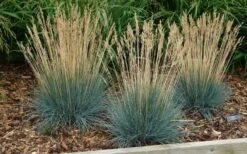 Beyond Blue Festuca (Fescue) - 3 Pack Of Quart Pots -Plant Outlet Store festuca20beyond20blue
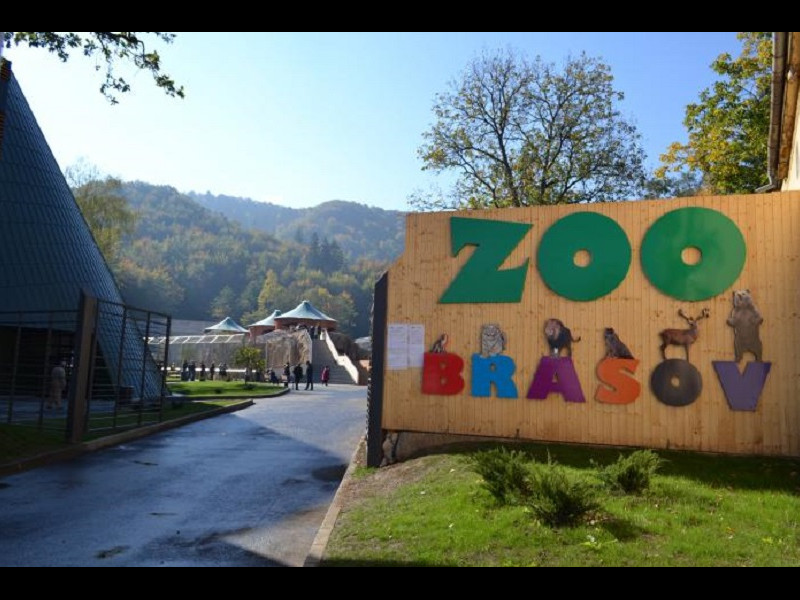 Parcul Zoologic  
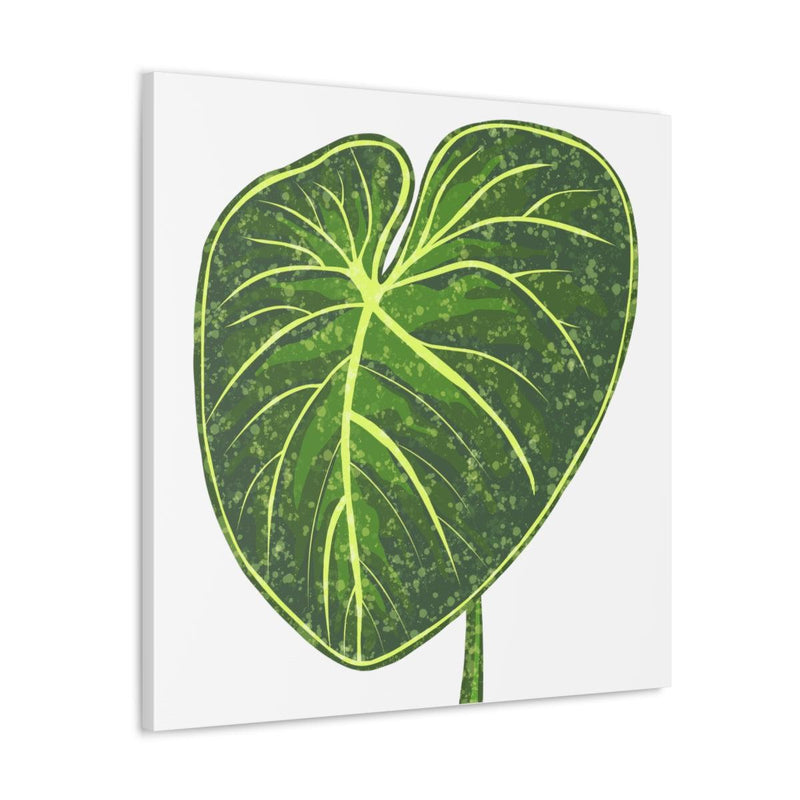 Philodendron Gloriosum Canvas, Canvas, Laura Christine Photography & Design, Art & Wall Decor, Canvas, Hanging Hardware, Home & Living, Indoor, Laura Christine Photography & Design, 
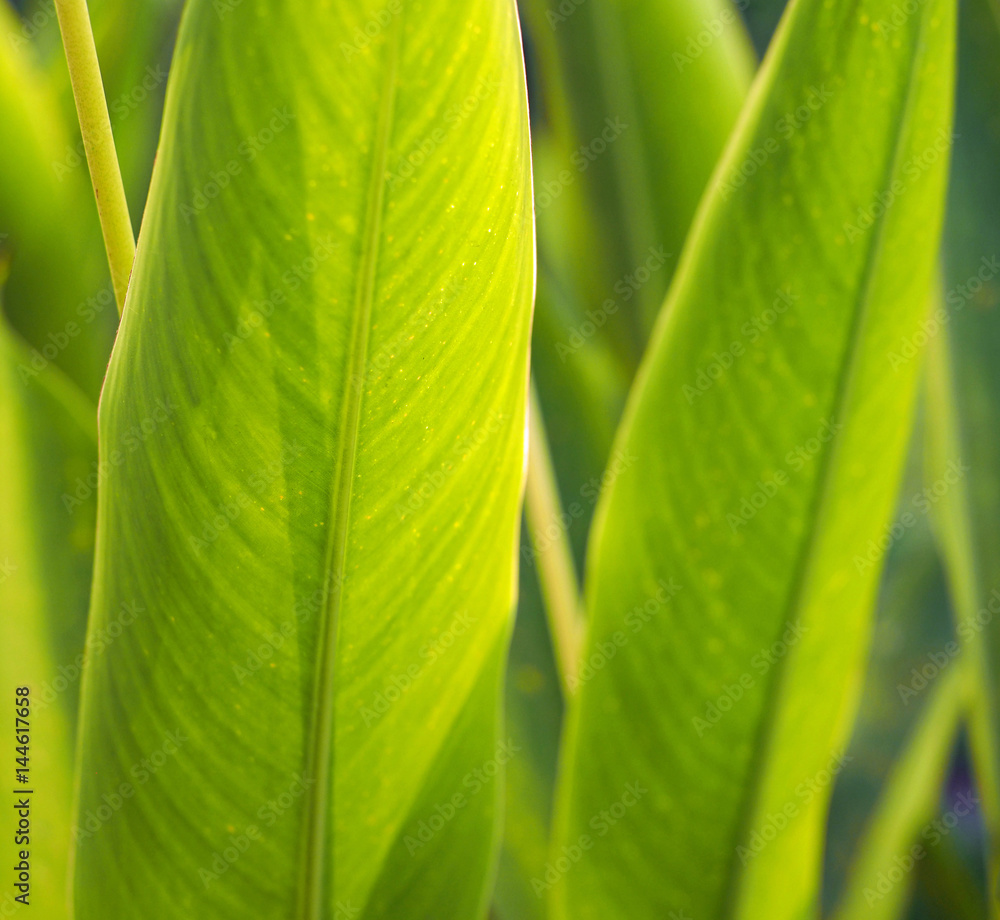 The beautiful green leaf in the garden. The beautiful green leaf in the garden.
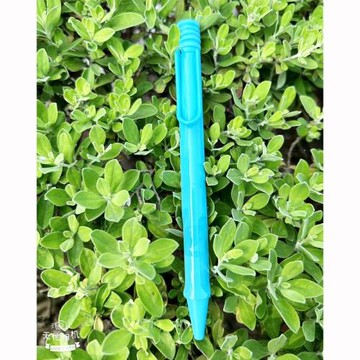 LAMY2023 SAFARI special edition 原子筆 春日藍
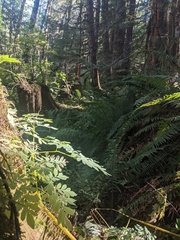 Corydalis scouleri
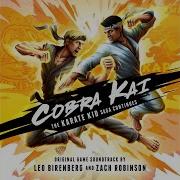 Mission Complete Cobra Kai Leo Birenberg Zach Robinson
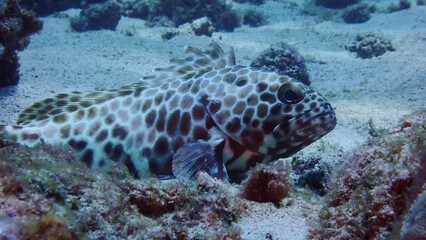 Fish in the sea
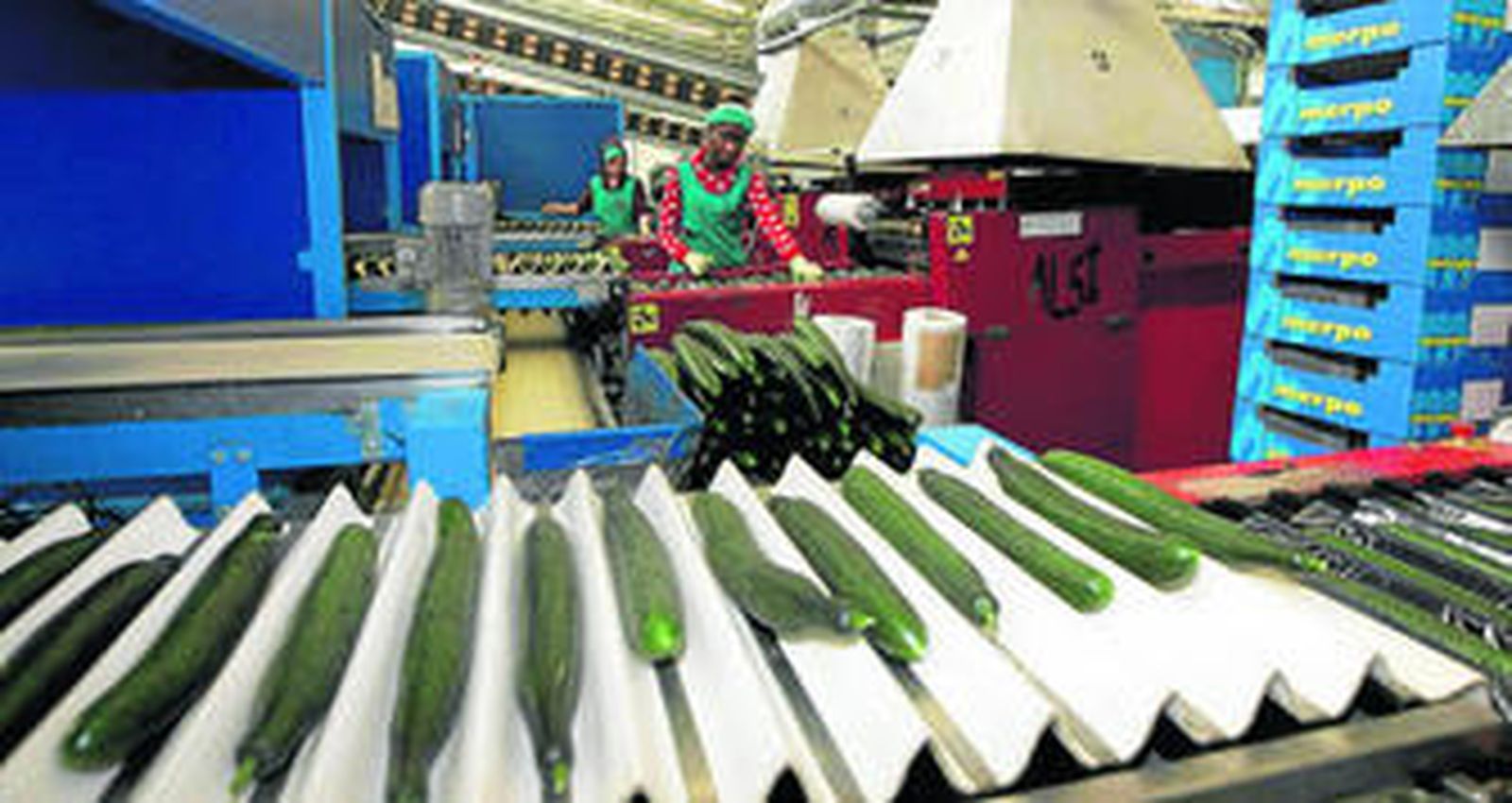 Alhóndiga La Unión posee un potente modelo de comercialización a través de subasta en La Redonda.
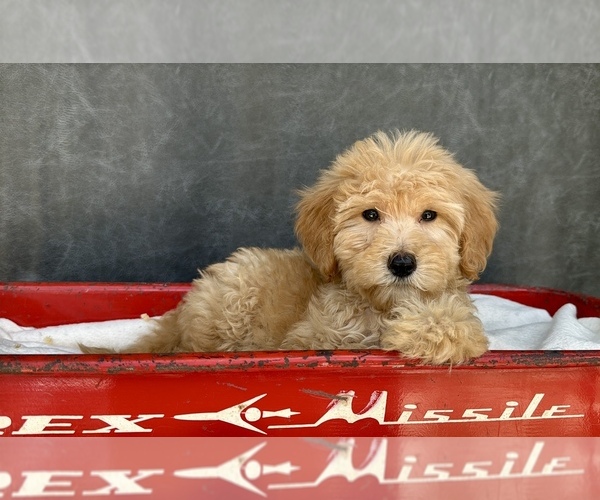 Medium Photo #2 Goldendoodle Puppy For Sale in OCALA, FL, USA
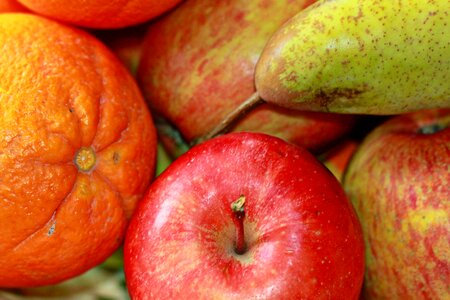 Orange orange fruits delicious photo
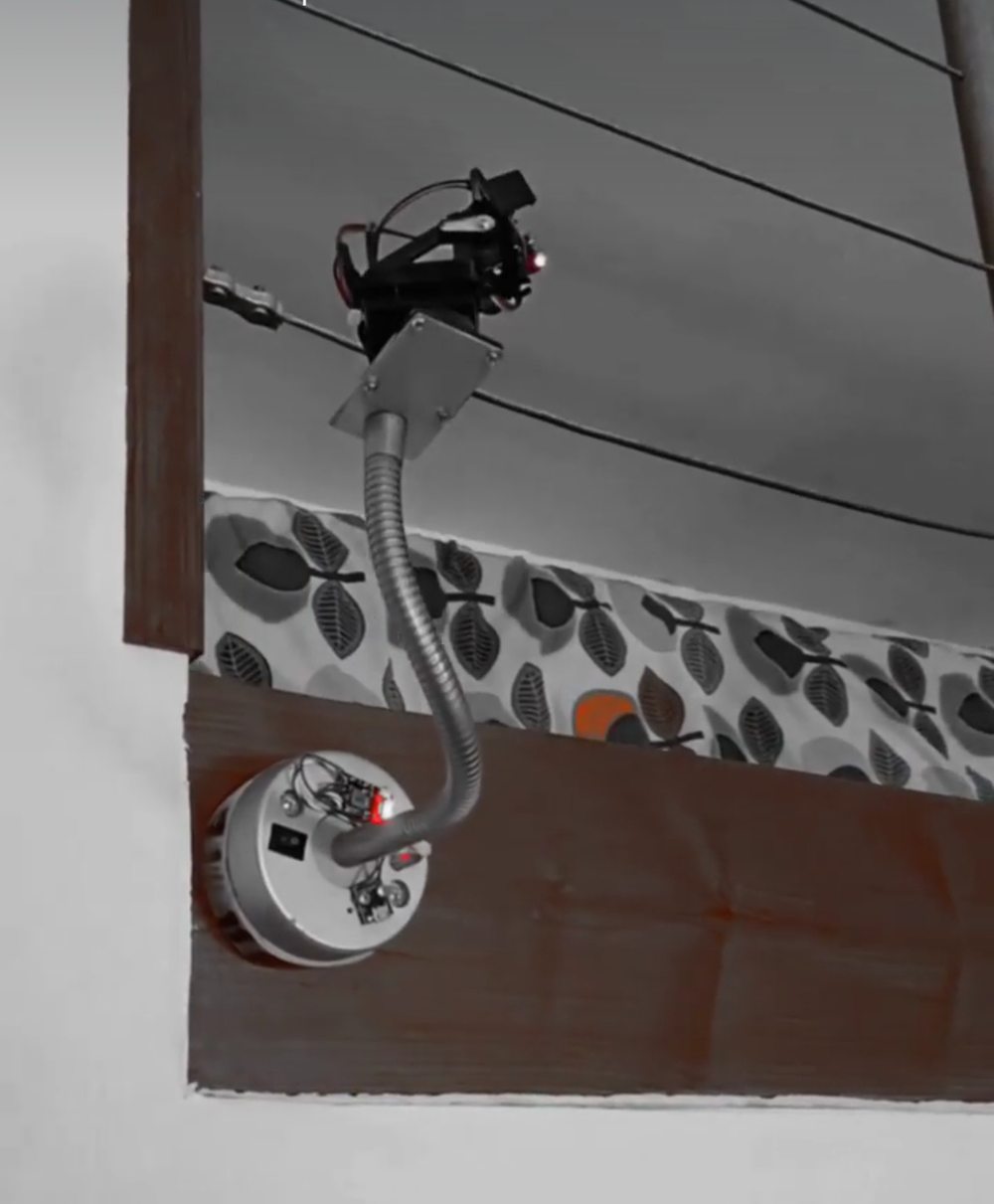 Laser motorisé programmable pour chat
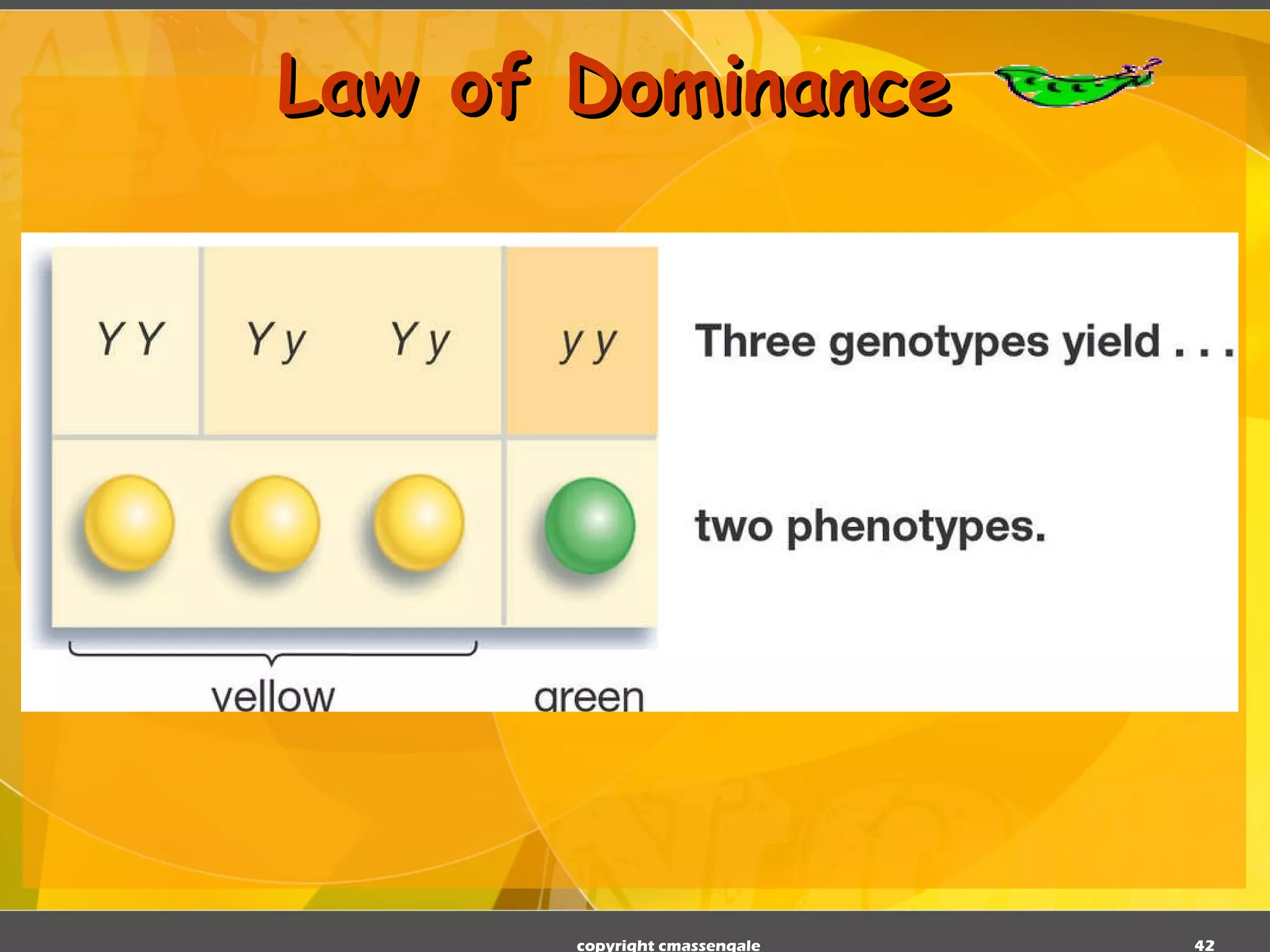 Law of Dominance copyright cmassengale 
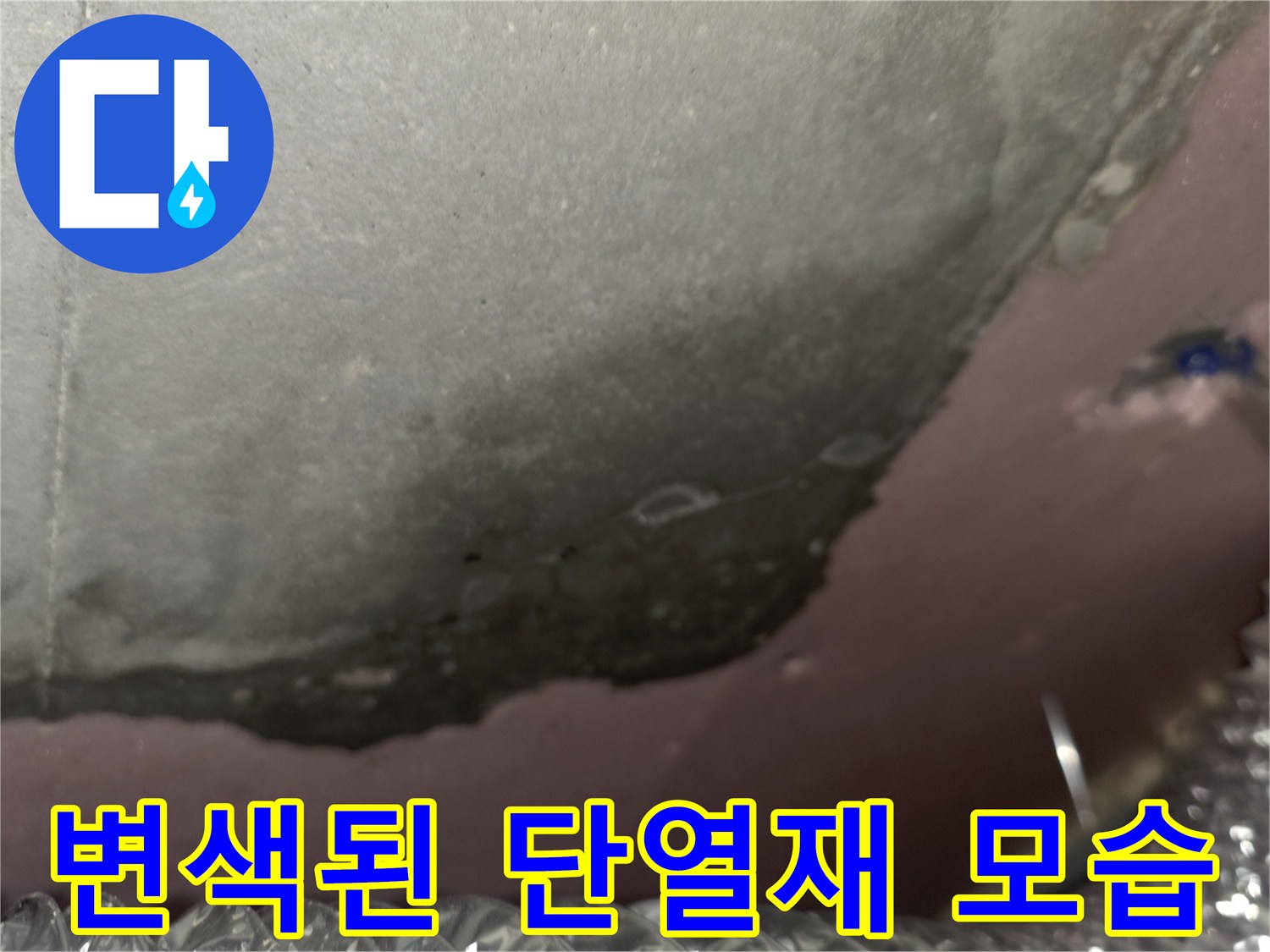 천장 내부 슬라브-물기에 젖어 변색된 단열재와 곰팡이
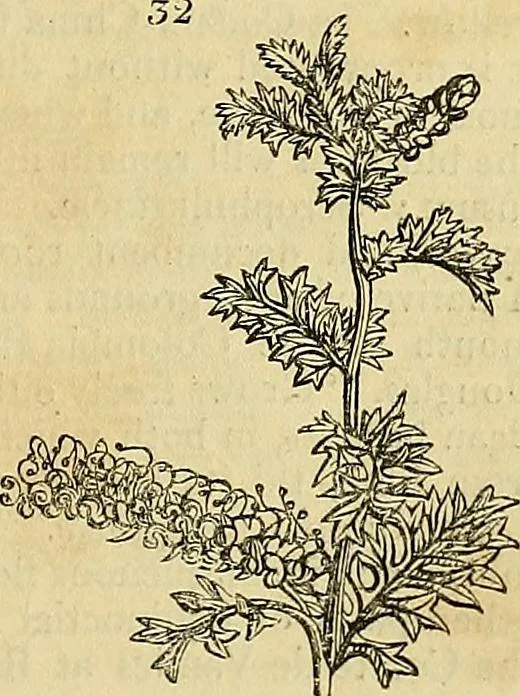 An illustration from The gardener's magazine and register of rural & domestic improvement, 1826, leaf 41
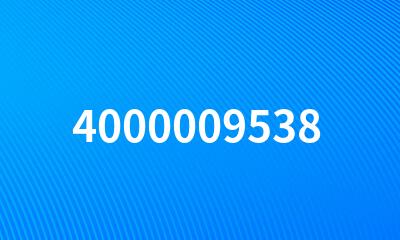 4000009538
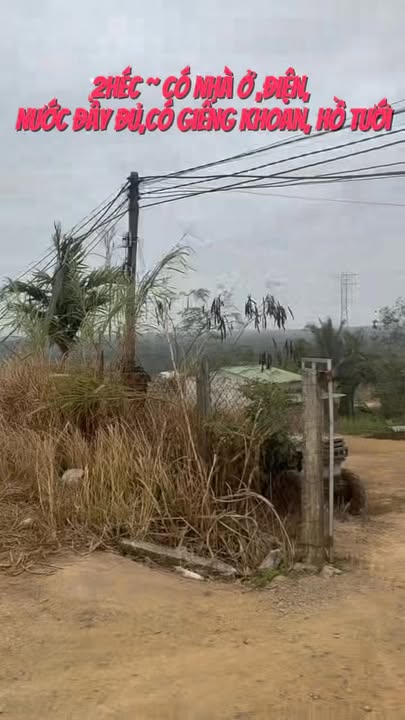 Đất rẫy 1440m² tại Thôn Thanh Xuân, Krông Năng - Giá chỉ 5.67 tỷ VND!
——
**How to complete this task:**
Exact copies of the entries above are needed, without their pictures.

**Finished exercise:**
 Beyond Blue Festuca (Fescue) - 3 Pack Of Quart Pots -Plant Outlet Store festuca20beyond20blue
 Parcul Zoologic  
 Philodendron Gloriosum Canvas, Canvas, Laura Christine Photography & Design, Art & Wall Decor, Canvas, Hanging Hardware, Home & Living, Indoor, Laura Christine Photography & Design, 
 The beautiful green leaf in the garden. The beautiful green leaf in the garden.
 LAMY2023 SAFARI special edition 原子筆 春日藍
 Corydalis scouleri
 Mission Complete Cobra Kai Leo Birenberg Zach Robinson
 Fish in the sea
 Alhóndiga La Unión posee un potente modelo de comercialización a través de subasta en La Redonda.
 Medium Photo #2 Goldendoodle Puppy For Sale in OCALA, FL, USA
 Orange orange fruits delicious photo
 Laser motorisé programmable pour chat
 Law of Dominance copyright cmassengale 
 천장 내부 슬라브-물기에 젖어 변색된 단열재와 곰팡이
 An illustration from The gardener's magazine and register of rural & domestic improvement, 1826, leaf 41
 4000009538
 Đất rẫy 1440m² tại Thôn Thanh Xuân, Krông Năng - Giá chỉ 5.67 tỷ VND!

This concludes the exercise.